Costui, a ben vedere, coglie un ordine nel disporsi, apparentemente caotico, degli elementi naturali; nella distribuzione stessa delle parti in relazione al tutto egli apprende il tentativo di far emergere una qualità, un tratto, una tendenza, un senso rivelatore, che serva a distinguere quella formazione particolare da altre connessioni di elementi. La natura, in altre parole, comunica con l’intelligenza umana esprimendo un messaggio articolato in forme, figure, configurazioni, ordini che dominano sul complesso della realtà sensibile.
Ma l’esperienza dell’arte impone di constatare come la natura fallisca ripetutamente nel conseguire il suo fine, o quello che l’artista considera il fine della natura: la qualità, la tendenza, il senso delle formazioni naturali, non affiora compiutamente e in modo adeguato: la “forma” che la natura comunica all’uomo è solo parzialmente riconoscibile e comprensibile. Osservata con l’occhio dell’artista, la natura non perviene affatto maturare nella sua tendenza fondamentale.
È in questa lacuna che interviene l’opera dell’arte, grazie alla quale l’uomo sperimenta nella propria responsabilità di agente creatore l’occasione di perfezionare la natura. Il messaggio che l’uomo coglie in forma incompleta è dunque la predisposizione del mondo naturale a essere trasposto al di sopra della realtà materiale che lo costituisce. L’arte, infatti, trasfigura la natura, trasforma il mondo sensibile nel “mondo delle idee”, Per il tramite dello spirito umano, l’arte interviene nel processo naturale per portare a compimento l’indole “formale” della natura, per trasfigurare l’incompletezza del reale nella perfezione del bello ideale, “riempiendo di spirito” l’oggetto concreto.
Nel trasformazione del concreto, l’oggetto materiale diviene una figura portatrice di significato, una qualità che assume un valore ideale, e quindi, in ultima analisi, si profila nei termini di un prodotto della cultura. Qui, dunque, ha luogo la produzione della forma e con ciò il riconoscimento del processo con cui l’artista genera la forma stessa, processo che correttamente definiamo stile. L’elemento ideale, afferma Taine, che adesso parla alla nostra intelligenza, alla nostra spiritualità per mezzo dell’oggetto, ha ricevuto una forma propria nell’opera dell’artista: questo elemento ideale coincide quindi con il “carattere essenziale” che si esprime nell’oggetto: «…l’artista, modificando i rapporti tra le parti, li modifica, intenzionalmente, nella stessa direzione, in maniera tale da rendere sensibile un certo carattere essenziale dell’oggetto, e di conseguenza, l’idea principale che se ne è fatto. Questo carattere è ciò che i filosofi chiamano l’essenza delle cose, motivo per cui essi dicono che il fine dell’arte è manifestare l’essenza delle cose. Noi mettiamo da parte la parola essenza, perché troppo tecnica, e diremo semplicemente che l’arte ha come scopo quello di manifestare il carattere essenziale, qualche qualità saliente e notevole, un punto di vista importante, una fondamentale maniera di essere dell’oggetto» (Filosofia dell’arte, a cura di O. Settineri, Bompiani, Milano 2001, pp. 73-75).

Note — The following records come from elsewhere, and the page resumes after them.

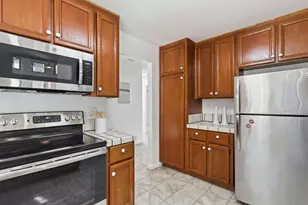 928 Wright Ave 402, Mountain View, CA 94043 - Photo 9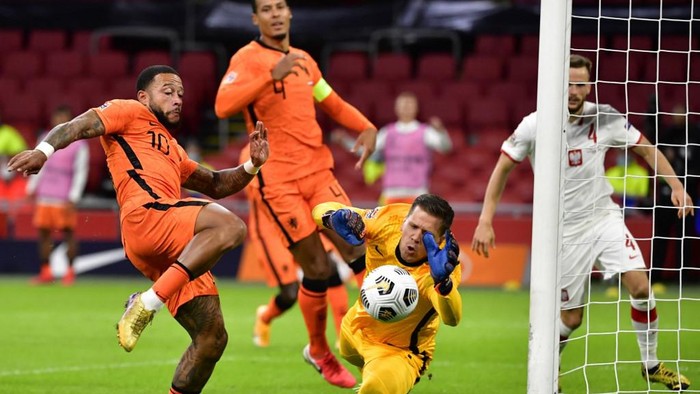 FBL-EUR-NATIONS-NED-POL Polands goal keeper Bartlomiej Dragowski (R) stops the ball in front of Dutchs forward Memphis Depay (L) during the UEFA Nations League football match between Netherlands and Poland at the Johan Cruijff Arena stadium, in Amsterdam, on September 4, 2020. (Photo by JOHN THYS / AFP)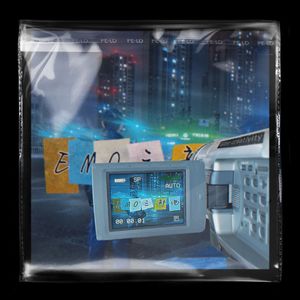 别再装作深沉emo的样子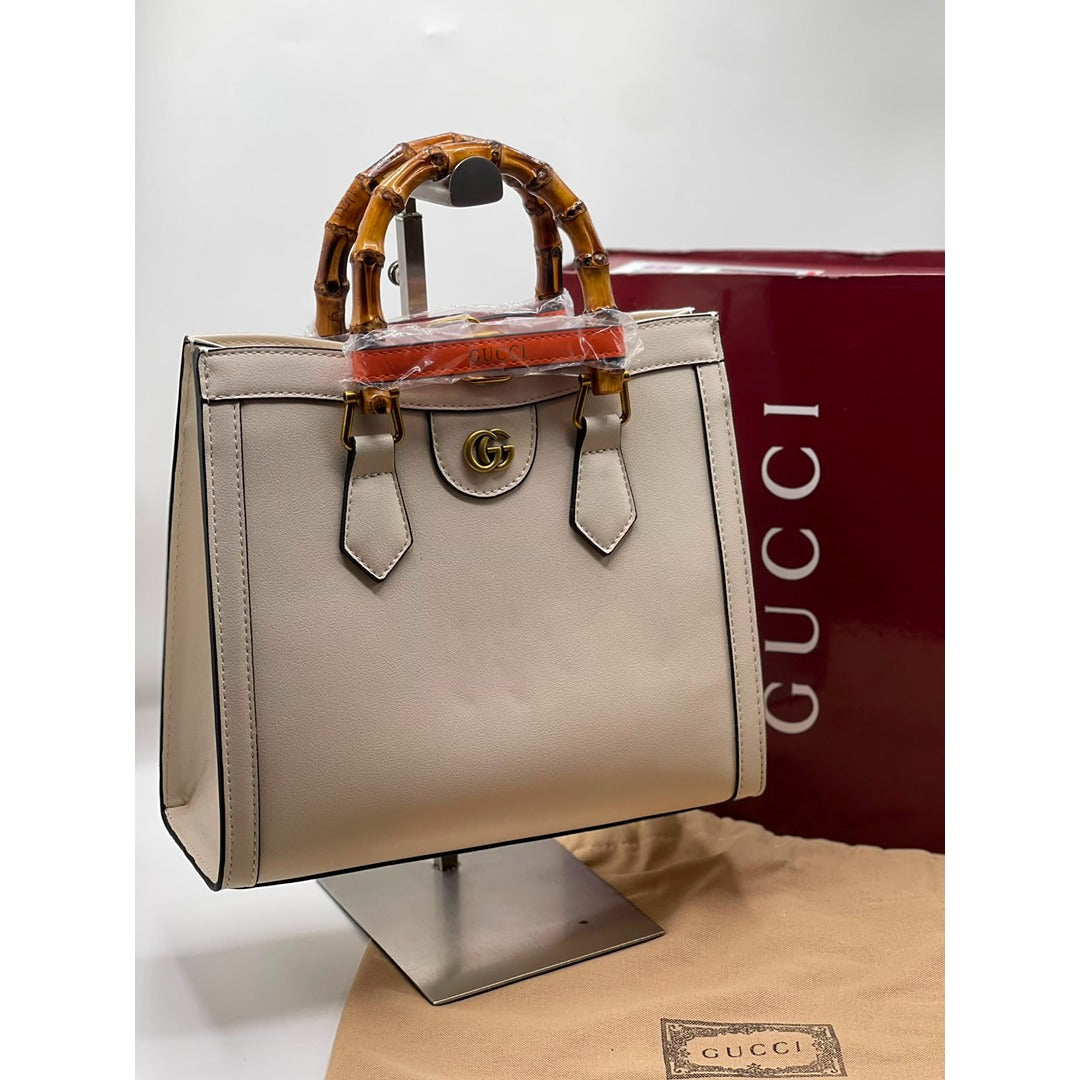 GUCCI DIANA MEDIUM TOTE BAG GG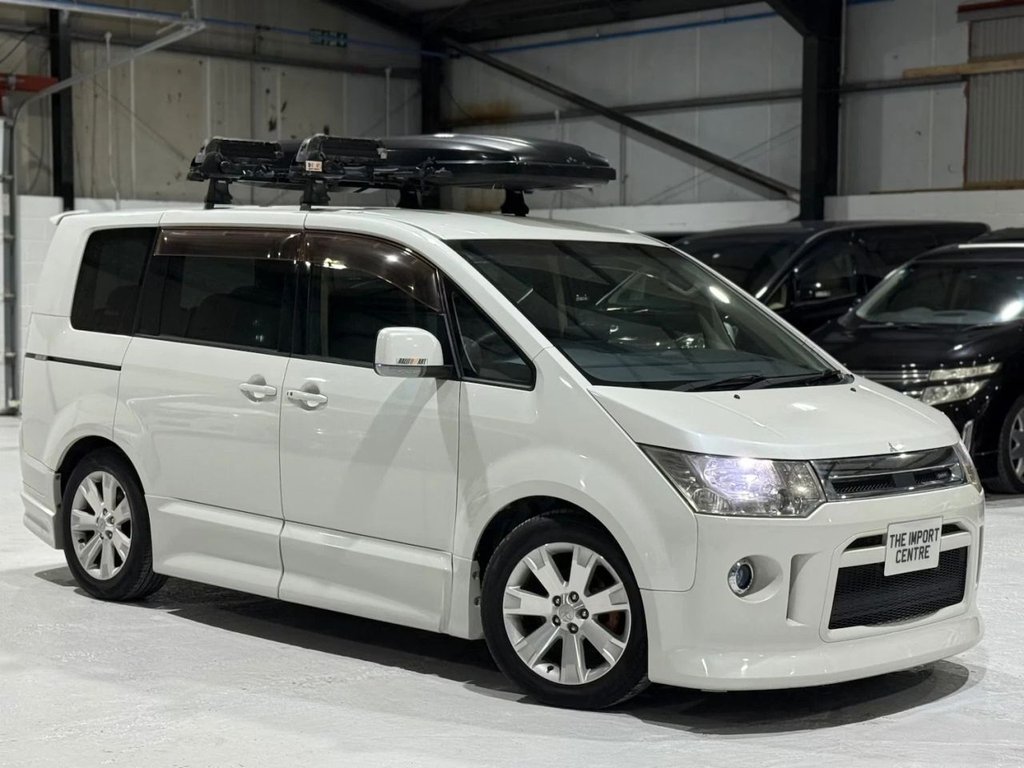 Used Mitsubishi Delica 2009 for sale - 77582219: Photo 1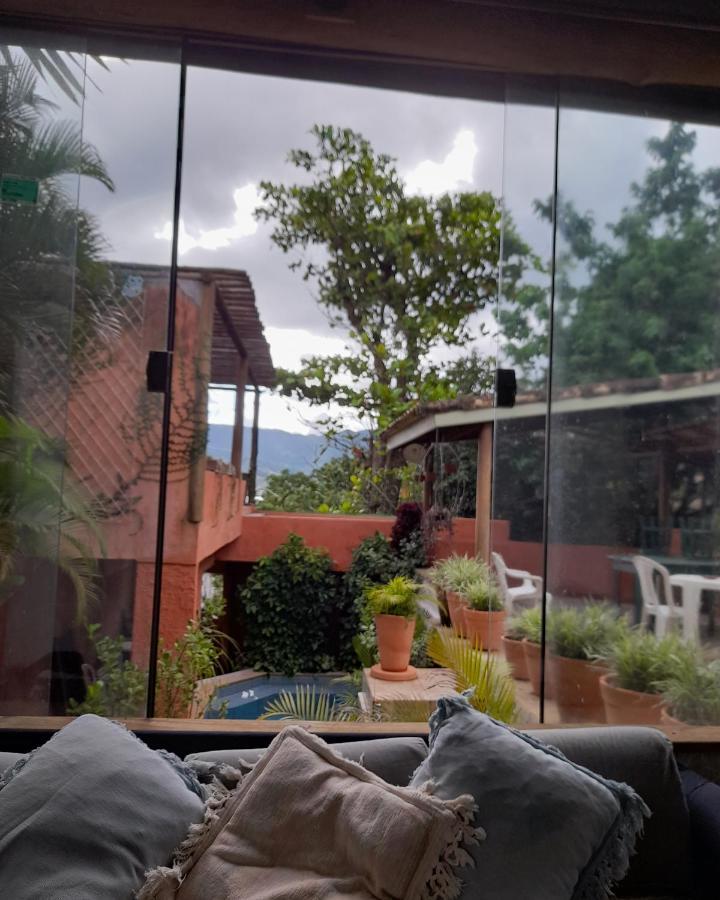 Solaris Hostel อิลญาเบลา ภายนอก รูปภาพ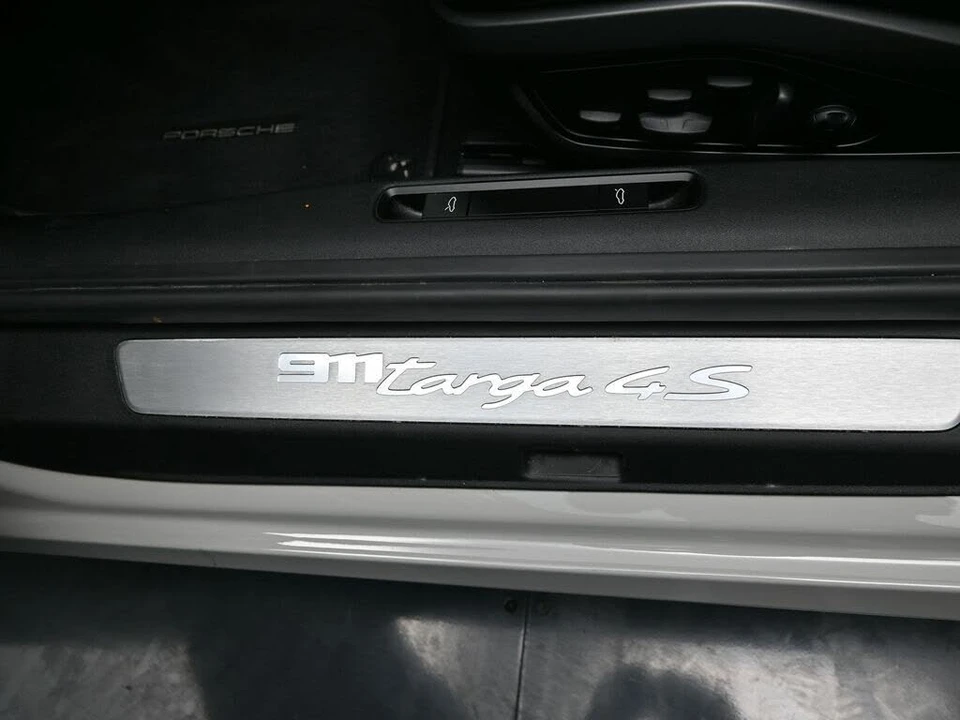 2026 Porsche 992 Targa 4 & 4S - Image 6 of 31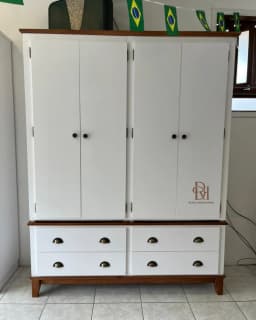 Guarda-Roupa 1.60 m liso 4 Portas e 4 Gavetas – Frete Rápido miniatura 1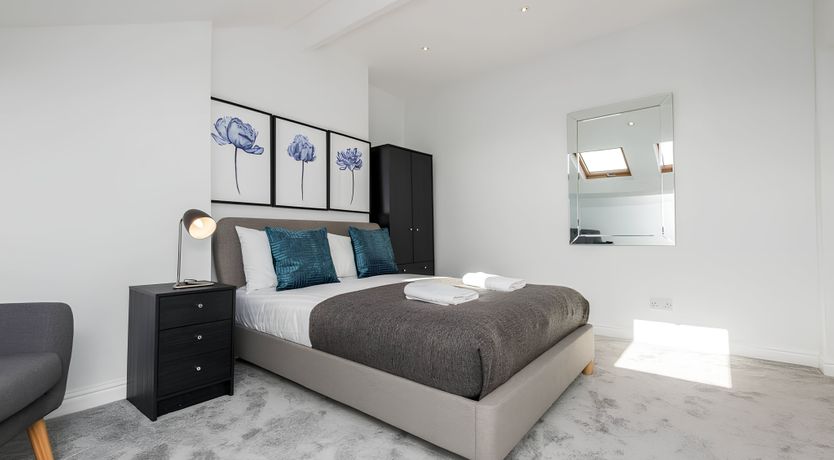 Photo of Georgian Getaway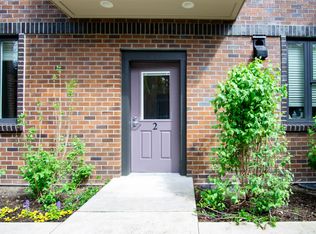 302 - 8015 N Oswego, Portland, OR 97203
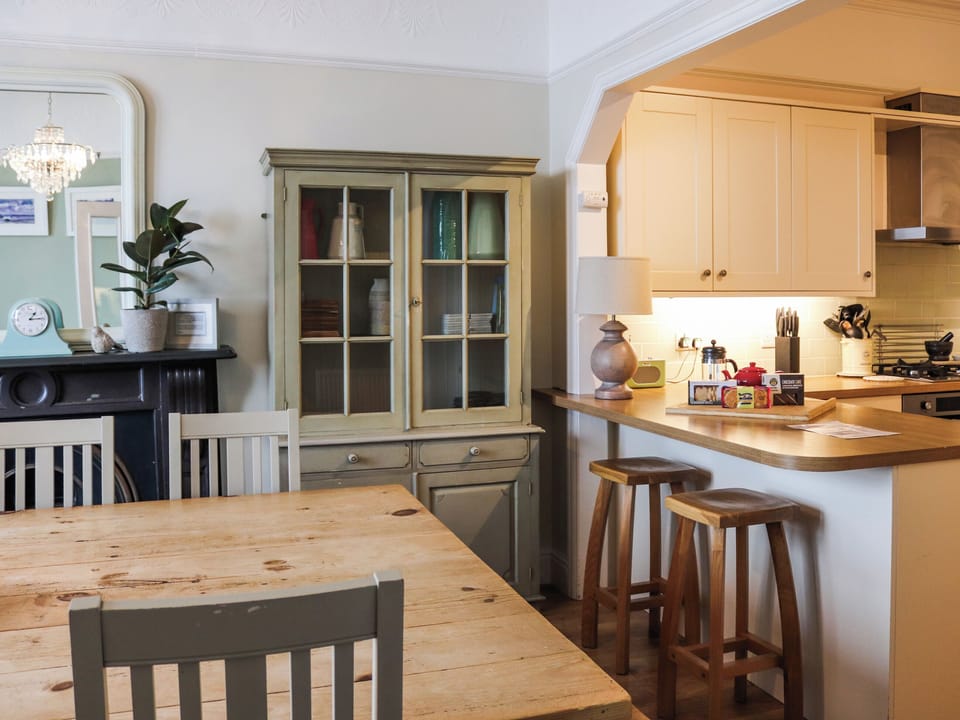 Kitchen | Bay View - QH Cottages, Criccieth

Da ultimo, per descrivere con precisione l’attività di perfezionamento che l’arte compie sulla natura, Taine conclude: «È proprio il carattere essenziale che l’arte ha lo scopo di mettere in luce, e se l’arte intraprende una simile impresa, è perché la natura non è in grado di farlo. In natura, infatti, il carattere è semplicemente dominante: nell’arte si tratta di renderlo dominatore. Questo carattere plasma tutti gli oggetti reali, ma non li plasma completamente, in quanto, nella sua azione è ostacolato dall’intervento di altre cause; non ha potuto imprimersi in maniera forte e tangibile negli oggetti che portano il suo marchio. L’uomo, percependo questa lacuna, ha inventato l’arte al fine di colmarla» (Ivi, p. 89).